*We offer some handy tips on safety while shopping online.*
Shopping online has many benefits that you don’t find in the market or in the next-door store. Online stores are open 24/7, so you can research your purchases thoroughly, and you can compare prices from store to store without leaving your comfort zone.
There are no queues, there is lots of choice, and often great low prices. Some stores even offer special deals on shipping and kind return policies to make everything even easier for you.

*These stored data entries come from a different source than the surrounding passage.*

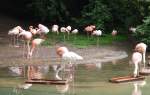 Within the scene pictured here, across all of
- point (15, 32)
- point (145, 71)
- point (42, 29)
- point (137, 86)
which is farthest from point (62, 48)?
point (42, 29)

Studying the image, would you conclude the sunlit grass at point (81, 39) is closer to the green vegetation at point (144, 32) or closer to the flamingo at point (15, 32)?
the flamingo at point (15, 32)

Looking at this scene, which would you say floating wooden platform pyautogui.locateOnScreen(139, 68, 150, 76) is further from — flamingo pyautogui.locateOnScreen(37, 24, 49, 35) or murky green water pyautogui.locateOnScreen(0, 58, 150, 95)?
flamingo pyautogui.locateOnScreen(37, 24, 49, 35)

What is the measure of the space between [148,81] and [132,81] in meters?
0.47

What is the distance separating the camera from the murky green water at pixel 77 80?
1172 centimetres

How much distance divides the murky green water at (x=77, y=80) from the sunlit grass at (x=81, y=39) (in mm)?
3567

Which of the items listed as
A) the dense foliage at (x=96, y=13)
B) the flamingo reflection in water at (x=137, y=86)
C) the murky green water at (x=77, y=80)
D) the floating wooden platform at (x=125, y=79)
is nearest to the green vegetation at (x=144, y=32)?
the dense foliage at (x=96, y=13)

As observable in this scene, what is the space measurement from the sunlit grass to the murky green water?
3567 millimetres

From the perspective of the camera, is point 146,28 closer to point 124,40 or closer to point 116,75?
point 124,40

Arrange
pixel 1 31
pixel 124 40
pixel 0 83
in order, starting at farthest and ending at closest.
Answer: pixel 1 31 → pixel 124 40 → pixel 0 83

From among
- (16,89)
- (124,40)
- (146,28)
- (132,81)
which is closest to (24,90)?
(16,89)

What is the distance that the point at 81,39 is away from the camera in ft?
67.5

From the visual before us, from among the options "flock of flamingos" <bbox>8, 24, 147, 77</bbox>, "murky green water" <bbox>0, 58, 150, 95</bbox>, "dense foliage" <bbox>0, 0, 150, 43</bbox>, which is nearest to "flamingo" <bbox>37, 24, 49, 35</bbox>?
"flock of flamingos" <bbox>8, 24, 147, 77</bbox>

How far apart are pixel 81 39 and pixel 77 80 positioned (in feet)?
24.8

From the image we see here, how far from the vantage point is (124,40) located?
20.8m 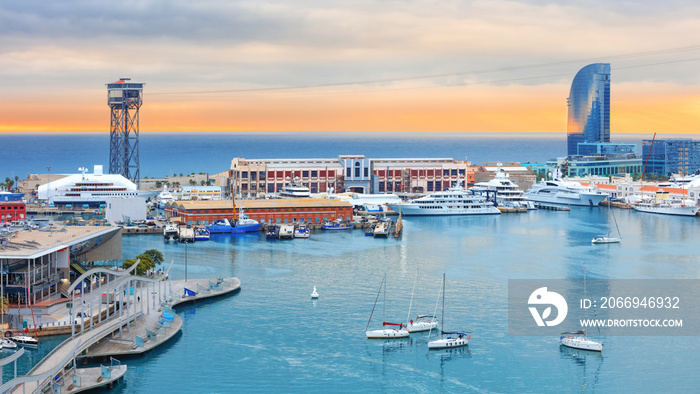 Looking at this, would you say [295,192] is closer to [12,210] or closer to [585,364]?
[12,210]

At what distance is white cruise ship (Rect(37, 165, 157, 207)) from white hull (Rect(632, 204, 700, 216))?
71.9 feet

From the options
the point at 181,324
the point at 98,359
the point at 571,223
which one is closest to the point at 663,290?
the point at 181,324

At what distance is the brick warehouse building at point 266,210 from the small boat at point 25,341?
15942 millimetres

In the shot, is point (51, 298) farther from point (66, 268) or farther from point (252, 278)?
point (252, 278)

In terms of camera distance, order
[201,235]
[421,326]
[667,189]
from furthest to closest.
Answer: [667,189]
[201,235]
[421,326]

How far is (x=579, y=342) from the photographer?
47.9 feet

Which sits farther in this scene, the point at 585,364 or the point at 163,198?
the point at 163,198

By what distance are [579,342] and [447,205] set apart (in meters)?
22.4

But you can also lose money.
If your personal data gets phished or otherwise compromised, a fraudster can exploit it to access your account. Before you take advantage of shopping online, read through our tips for protecting yourself:
Don’t leave your credit card number stored on your computer where someone else can access it
1. Know who you are dealing with. As long as you are dealing with a reputable company, online transactions can be safe. But criminals do prey on the ignorant, so familiarize yourself with the techniques they use and be smart when shopping online. Reputable online merchants will post plenty of information about themselves and details such as:
a. Where they are located, their phone and emails; b. Membership in organizations designed to guarantee standards, such as NAFDAC (National Agency for Food Drug Administration and Control), CPC (Consumer Protection Council)and SON (Standards Organisation of Nigeria); c. Certificates or seals of quality.
2. Be sceptical: If a deal sounds too good to be true—it probably is. It may be an attempt to trick you into revealing personal information. You should also consider carefully whether you may be paying too much for an item, you may want to compare shops, online or offline, before you buy.

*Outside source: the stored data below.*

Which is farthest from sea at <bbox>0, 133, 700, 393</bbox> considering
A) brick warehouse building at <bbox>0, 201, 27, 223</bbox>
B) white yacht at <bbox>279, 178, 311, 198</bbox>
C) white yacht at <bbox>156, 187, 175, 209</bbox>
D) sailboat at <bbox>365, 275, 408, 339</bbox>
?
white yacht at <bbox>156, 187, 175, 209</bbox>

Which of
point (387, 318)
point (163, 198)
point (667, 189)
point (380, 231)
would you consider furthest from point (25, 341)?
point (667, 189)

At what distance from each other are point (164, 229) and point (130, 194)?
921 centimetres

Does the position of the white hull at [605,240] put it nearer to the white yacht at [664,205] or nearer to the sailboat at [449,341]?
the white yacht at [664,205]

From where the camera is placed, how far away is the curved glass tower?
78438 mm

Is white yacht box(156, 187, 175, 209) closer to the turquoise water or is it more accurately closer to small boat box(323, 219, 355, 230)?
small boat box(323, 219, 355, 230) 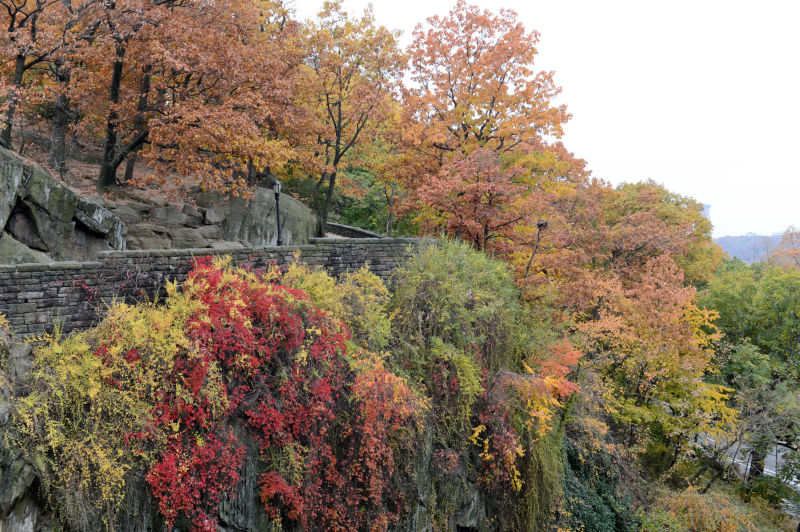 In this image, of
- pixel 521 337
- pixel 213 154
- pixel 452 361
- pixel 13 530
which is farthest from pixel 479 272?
pixel 13 530

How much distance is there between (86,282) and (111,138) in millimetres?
7787

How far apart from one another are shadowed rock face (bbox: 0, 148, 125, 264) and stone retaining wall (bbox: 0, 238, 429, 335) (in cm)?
235

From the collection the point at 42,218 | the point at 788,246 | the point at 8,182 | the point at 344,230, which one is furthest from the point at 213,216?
the point at 788,246

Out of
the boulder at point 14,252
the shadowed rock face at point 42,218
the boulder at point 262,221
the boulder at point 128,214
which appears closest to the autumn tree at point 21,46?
the shadowed rock face at point 42,218

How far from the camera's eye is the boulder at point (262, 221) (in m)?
14.9

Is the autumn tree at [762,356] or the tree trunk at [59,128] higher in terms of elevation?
the tree trunk at [59,128]

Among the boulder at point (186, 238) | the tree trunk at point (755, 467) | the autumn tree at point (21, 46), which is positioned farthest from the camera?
the tree trunk at point (755, 467)

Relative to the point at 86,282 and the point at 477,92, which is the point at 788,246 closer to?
the point at 477,92

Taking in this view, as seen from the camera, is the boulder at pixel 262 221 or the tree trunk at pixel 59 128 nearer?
the tree trunk at pixel 59 128

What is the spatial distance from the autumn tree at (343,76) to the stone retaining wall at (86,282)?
8347mm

3. Check them out, when in doubt. If you are shopping with a merchant you have never heard of, or on a little-known website, look around before you make a purchase. You should also ask around and find out what other people are saying about them. If you’re uneasy about what you’re hearing (or not hearing), shop somewhere else. Get objective evaluations of their products and services like magazine reviews, testimonials etc.

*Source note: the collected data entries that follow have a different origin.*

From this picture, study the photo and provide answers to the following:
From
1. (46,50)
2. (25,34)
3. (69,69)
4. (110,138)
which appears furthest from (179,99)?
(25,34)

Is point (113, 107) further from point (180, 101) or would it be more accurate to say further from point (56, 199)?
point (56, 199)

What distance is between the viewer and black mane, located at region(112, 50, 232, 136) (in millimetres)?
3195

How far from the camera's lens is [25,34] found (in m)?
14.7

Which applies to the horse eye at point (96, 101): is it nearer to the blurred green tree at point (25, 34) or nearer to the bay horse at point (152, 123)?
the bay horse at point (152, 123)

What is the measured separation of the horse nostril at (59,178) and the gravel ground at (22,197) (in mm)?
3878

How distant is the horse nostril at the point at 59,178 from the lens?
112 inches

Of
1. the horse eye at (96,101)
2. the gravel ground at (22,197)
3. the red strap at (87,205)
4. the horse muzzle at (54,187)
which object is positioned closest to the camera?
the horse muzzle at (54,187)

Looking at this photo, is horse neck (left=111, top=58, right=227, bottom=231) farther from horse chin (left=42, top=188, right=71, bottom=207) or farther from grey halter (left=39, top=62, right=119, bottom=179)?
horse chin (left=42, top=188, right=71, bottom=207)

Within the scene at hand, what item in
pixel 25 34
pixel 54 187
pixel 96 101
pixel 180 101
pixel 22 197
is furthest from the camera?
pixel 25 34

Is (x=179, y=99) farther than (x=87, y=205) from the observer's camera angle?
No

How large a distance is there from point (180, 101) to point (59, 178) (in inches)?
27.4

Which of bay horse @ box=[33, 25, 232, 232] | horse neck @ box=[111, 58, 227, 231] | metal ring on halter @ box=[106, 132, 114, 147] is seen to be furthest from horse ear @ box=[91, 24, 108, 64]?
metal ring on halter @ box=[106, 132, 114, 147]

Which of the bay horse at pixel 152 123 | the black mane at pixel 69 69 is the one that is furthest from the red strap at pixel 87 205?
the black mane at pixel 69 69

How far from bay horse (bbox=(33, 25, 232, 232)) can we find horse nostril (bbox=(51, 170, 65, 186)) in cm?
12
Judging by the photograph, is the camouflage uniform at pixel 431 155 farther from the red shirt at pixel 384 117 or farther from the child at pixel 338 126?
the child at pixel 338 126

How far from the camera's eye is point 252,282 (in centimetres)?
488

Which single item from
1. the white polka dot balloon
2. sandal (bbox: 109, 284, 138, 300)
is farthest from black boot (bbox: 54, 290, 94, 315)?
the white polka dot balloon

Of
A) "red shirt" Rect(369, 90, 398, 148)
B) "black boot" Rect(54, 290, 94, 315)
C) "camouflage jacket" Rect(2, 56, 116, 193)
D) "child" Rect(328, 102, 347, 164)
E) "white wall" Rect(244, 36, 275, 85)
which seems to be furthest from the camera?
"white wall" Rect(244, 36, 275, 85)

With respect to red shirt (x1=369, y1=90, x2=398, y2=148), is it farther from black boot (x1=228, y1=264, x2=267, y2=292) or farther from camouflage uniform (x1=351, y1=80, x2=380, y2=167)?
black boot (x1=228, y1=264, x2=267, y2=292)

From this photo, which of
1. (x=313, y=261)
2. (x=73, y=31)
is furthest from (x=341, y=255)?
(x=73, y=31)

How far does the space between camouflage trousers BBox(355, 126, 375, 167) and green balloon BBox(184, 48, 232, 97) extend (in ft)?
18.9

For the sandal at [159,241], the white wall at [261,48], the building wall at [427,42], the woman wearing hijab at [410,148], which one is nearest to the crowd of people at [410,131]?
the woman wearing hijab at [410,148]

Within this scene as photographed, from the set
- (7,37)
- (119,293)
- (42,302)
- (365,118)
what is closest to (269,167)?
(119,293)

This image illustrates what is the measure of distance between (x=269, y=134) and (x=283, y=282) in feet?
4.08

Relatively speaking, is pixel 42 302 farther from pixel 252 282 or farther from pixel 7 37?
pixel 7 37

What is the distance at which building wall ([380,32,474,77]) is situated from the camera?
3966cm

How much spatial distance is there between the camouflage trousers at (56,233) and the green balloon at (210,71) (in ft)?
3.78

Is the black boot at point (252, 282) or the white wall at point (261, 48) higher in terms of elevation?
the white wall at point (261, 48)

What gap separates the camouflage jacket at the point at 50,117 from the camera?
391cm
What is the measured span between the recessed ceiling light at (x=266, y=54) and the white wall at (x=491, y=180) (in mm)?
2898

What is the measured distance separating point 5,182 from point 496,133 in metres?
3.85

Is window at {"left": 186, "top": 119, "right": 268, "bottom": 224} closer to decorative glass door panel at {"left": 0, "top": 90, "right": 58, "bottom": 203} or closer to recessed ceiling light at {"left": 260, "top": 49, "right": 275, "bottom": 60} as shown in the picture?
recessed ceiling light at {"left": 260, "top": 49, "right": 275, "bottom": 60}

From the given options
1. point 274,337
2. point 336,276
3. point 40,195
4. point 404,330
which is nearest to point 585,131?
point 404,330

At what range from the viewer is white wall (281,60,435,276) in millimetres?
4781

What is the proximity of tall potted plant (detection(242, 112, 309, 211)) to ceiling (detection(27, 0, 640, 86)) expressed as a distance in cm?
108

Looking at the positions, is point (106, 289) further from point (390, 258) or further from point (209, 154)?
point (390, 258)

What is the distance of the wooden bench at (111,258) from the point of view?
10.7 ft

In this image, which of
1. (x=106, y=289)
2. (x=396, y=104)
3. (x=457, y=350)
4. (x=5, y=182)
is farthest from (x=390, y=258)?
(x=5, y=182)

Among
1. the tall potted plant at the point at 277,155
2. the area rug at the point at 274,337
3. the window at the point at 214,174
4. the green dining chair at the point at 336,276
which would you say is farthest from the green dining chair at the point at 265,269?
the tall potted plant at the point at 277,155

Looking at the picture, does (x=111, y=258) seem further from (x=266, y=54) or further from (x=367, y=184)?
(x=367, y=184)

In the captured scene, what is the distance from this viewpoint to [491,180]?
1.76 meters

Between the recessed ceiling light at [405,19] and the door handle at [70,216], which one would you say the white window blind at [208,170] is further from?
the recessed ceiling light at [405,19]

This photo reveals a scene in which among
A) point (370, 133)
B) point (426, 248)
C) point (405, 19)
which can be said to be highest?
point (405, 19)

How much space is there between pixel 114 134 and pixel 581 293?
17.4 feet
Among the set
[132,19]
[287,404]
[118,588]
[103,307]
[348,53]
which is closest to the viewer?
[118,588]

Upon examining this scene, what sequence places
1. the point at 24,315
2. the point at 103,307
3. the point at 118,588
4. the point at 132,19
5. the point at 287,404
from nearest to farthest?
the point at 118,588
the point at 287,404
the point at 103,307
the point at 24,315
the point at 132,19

4. Closed padlock or unbroken key (or “https://”): Look out for a small image of a closed padlock or an unbroken key which normally should appear in the bottom or top window frame of your browser, letting you know your personal information will be encrypted. If you don’t see either of these icons or if you see an open padlock or a broken key, it means your online shopping session is not being encrypted, and you may be taking a big risk. Another way to check if a website is secure is to look at the address, if it starts with "https://” it is probably safe.
5. Protect your computer: Fraudsters don't just sit around waiting for you to give them information; sometimes they give you a little something extra to help things along. You need to protect against malware and viruses with regular updates for your antivirus and your browser. When your browser tells you a website is suspicious, be very wary.
6. Keep a paper trail. Print and save records of your online transactions, including the product description and price, the online receipt, and copies of any email you exchange with the seller. If the site has only an email address and no phone number, start an email or instant message dialogue with the people running the site before you buy anything from them.